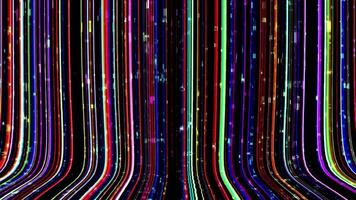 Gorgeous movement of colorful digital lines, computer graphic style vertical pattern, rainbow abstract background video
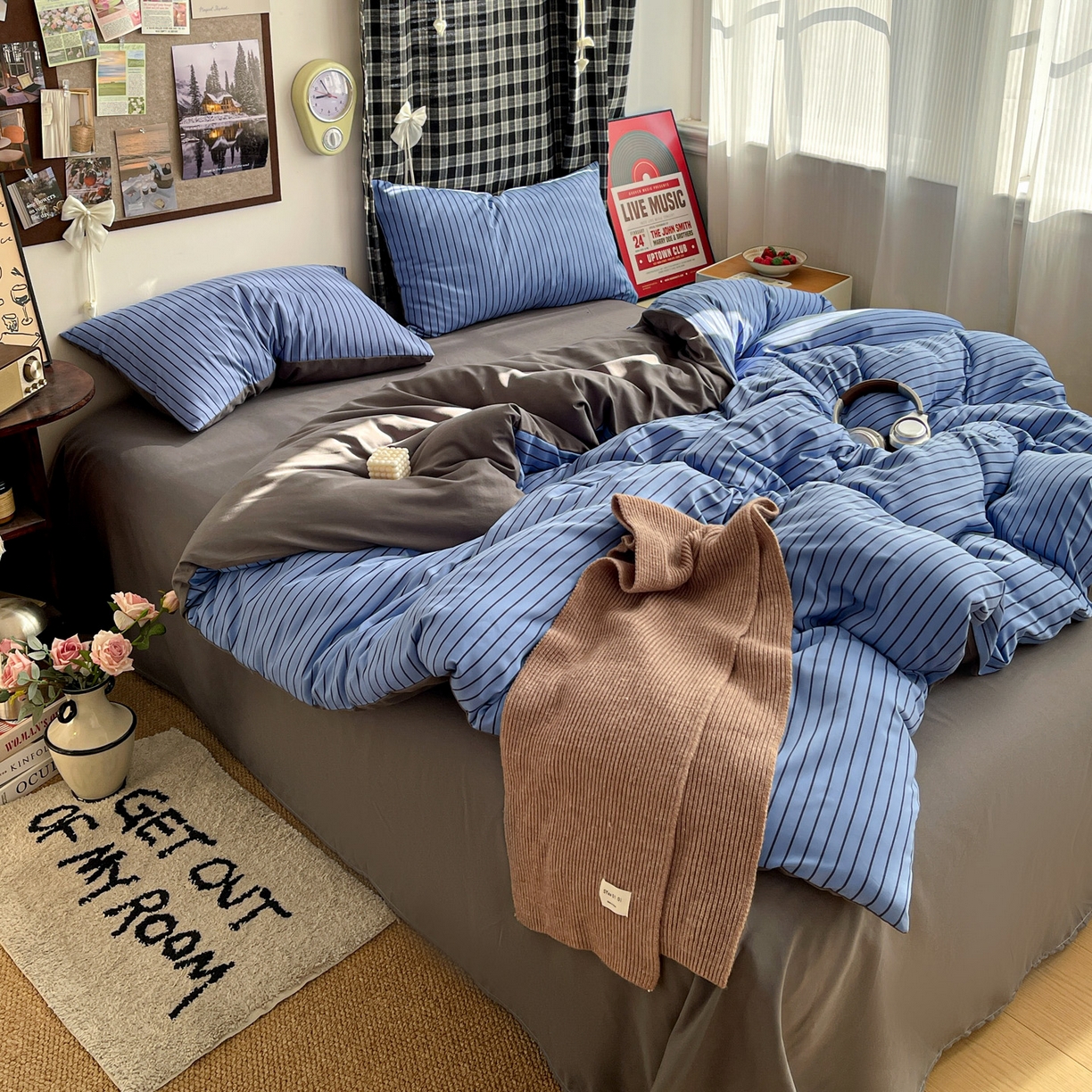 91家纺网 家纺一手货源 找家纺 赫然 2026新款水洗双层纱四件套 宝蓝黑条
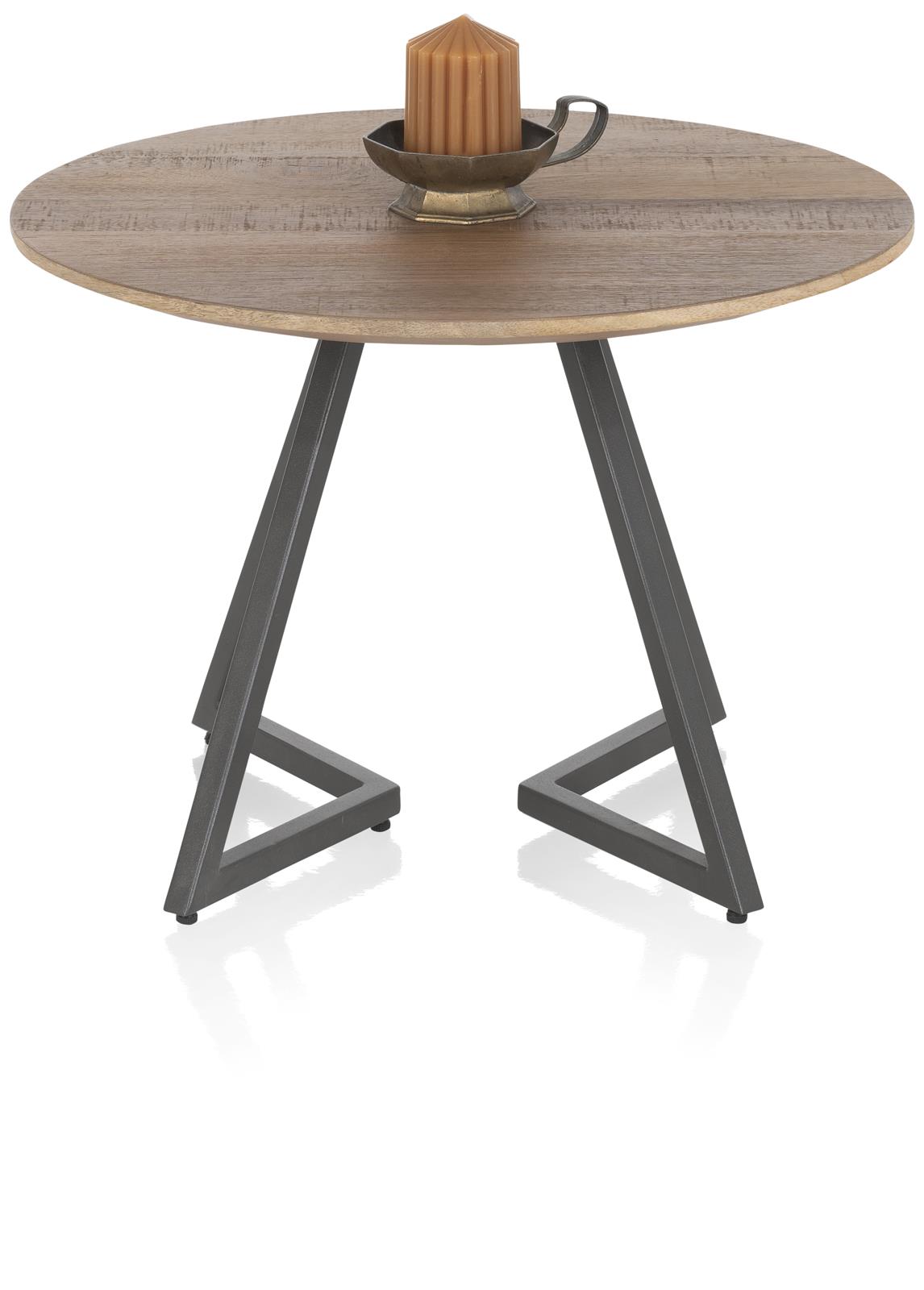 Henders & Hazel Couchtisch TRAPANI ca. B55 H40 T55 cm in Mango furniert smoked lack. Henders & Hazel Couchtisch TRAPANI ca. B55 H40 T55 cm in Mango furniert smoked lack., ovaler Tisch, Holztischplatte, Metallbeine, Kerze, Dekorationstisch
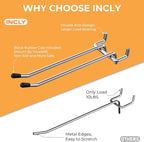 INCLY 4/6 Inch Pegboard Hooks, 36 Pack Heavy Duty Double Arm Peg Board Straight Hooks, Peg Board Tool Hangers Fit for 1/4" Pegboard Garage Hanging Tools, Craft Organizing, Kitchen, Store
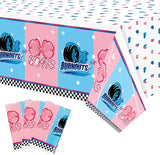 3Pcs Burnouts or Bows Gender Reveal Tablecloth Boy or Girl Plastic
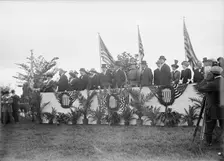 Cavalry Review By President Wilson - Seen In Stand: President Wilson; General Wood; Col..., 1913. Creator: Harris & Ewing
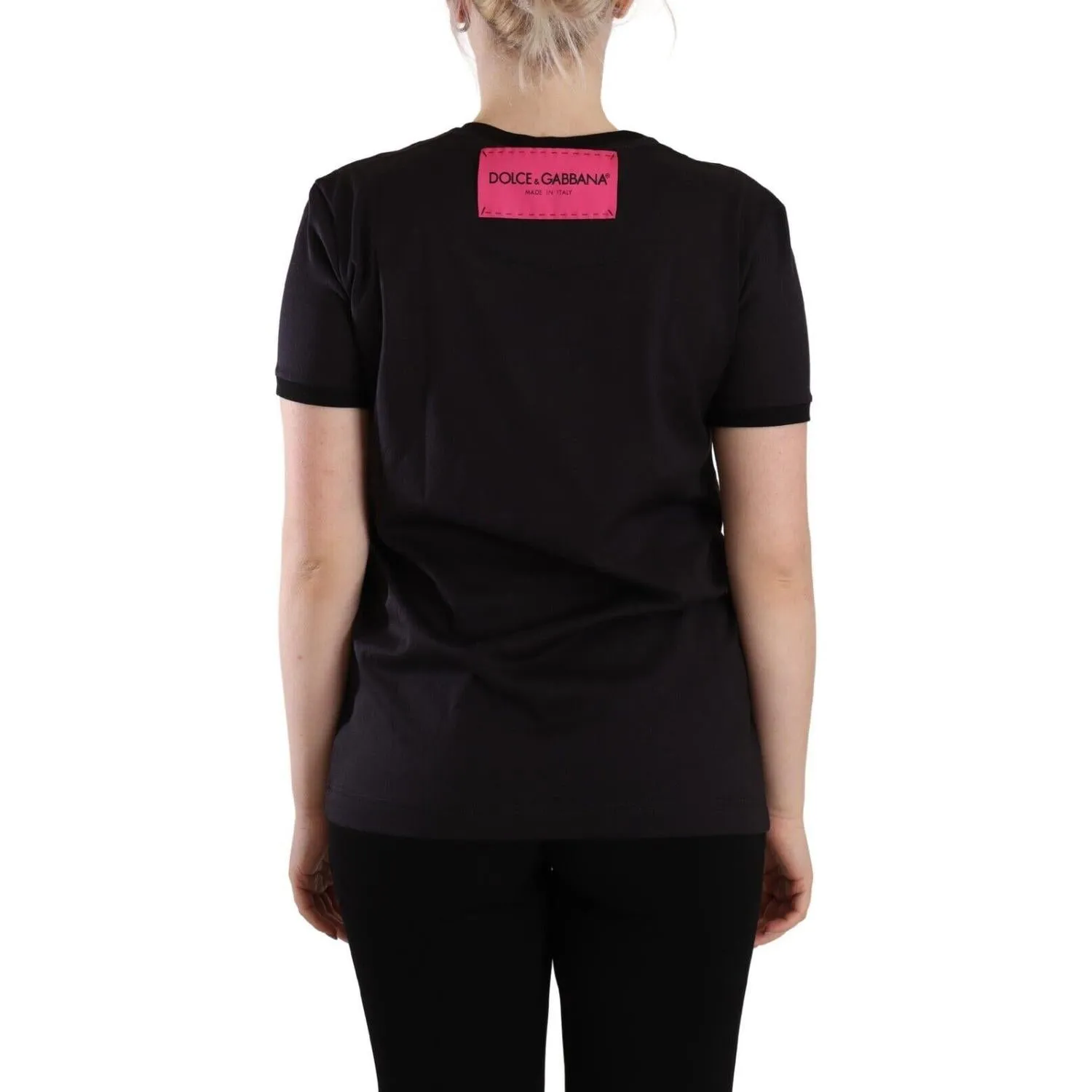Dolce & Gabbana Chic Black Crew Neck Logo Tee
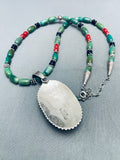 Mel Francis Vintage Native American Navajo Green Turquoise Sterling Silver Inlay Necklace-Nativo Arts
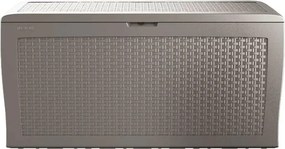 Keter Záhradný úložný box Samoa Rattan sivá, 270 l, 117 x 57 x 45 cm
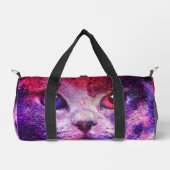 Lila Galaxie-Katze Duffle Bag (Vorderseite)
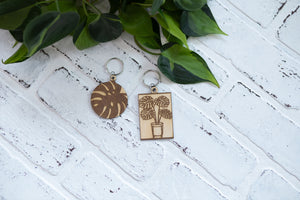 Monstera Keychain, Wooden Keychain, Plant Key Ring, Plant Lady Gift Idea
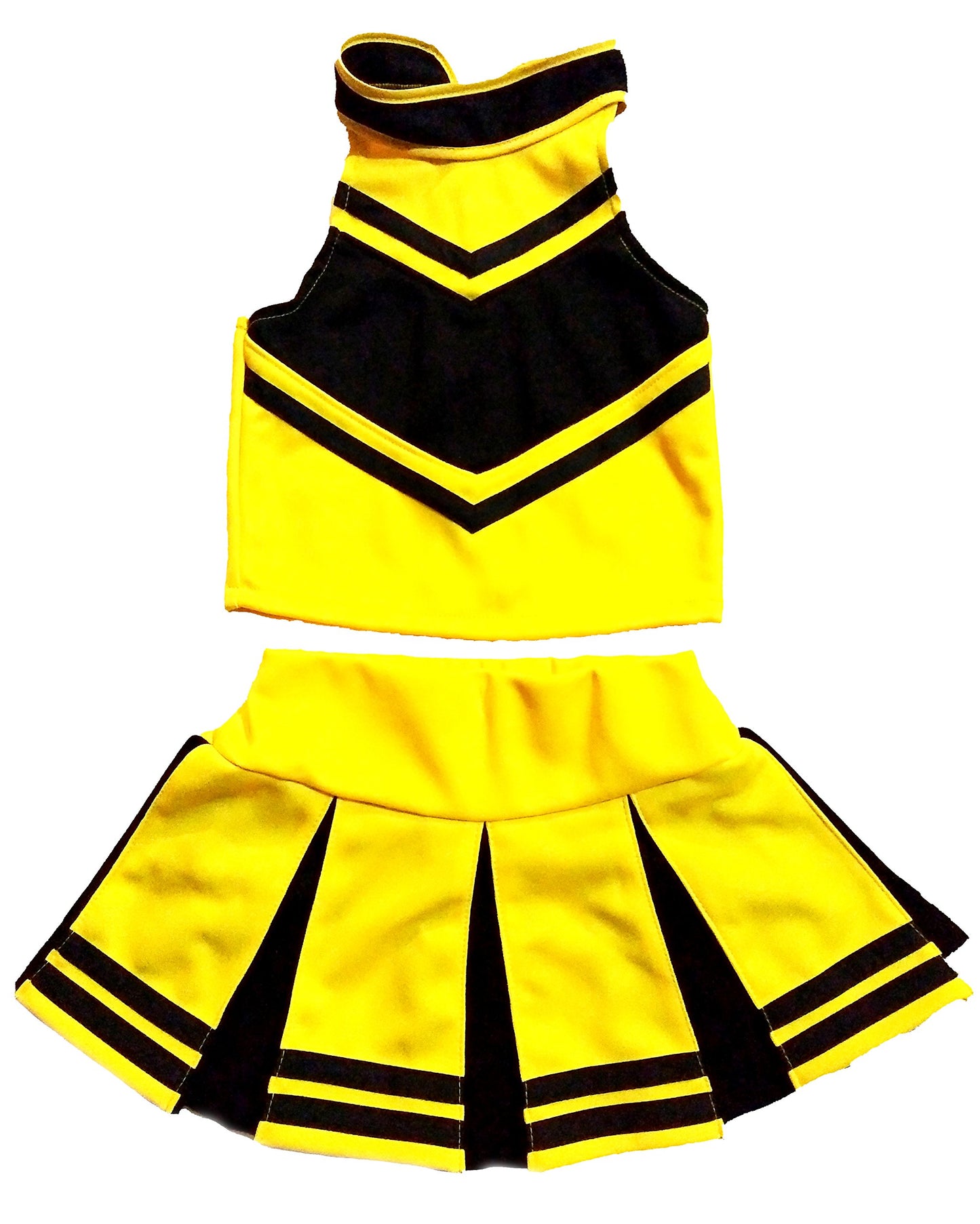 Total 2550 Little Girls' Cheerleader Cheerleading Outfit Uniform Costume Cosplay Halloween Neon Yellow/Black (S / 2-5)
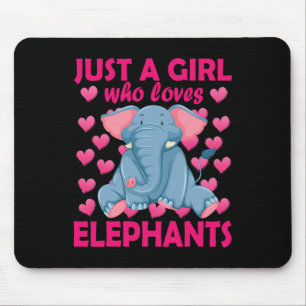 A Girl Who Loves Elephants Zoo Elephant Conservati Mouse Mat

# Work item
Retype exactly, please, the span from the line holding "Mel Francis Vintage" through the closing line of the data, both ends included, without the pictures.

# Output for this exercise
 Mel Francis Vintage Native American Navajo Green Turquoise Sterling Silver Inlay Necklace-Nativo Arts
 Keter Záhradný úložný box Samoa Rattan sivá, 270 l, 117 x 57 x 45 cm
 Lila Galaxie-Katze Duffle Bag (Vorderseite)
 Monstera Keychain, Wooden Keychain, Plant Key Ring, Plant Lady Gift Idea
 Total 2550 Little Girls' Cheerleader Cheerleading Outfit Uniform Costume Cosplay Halloween Neon Yellow/Black (S / 2-5)
 A Girl Who Loves Elephants Zoo Elephant Conservati Mouse Mat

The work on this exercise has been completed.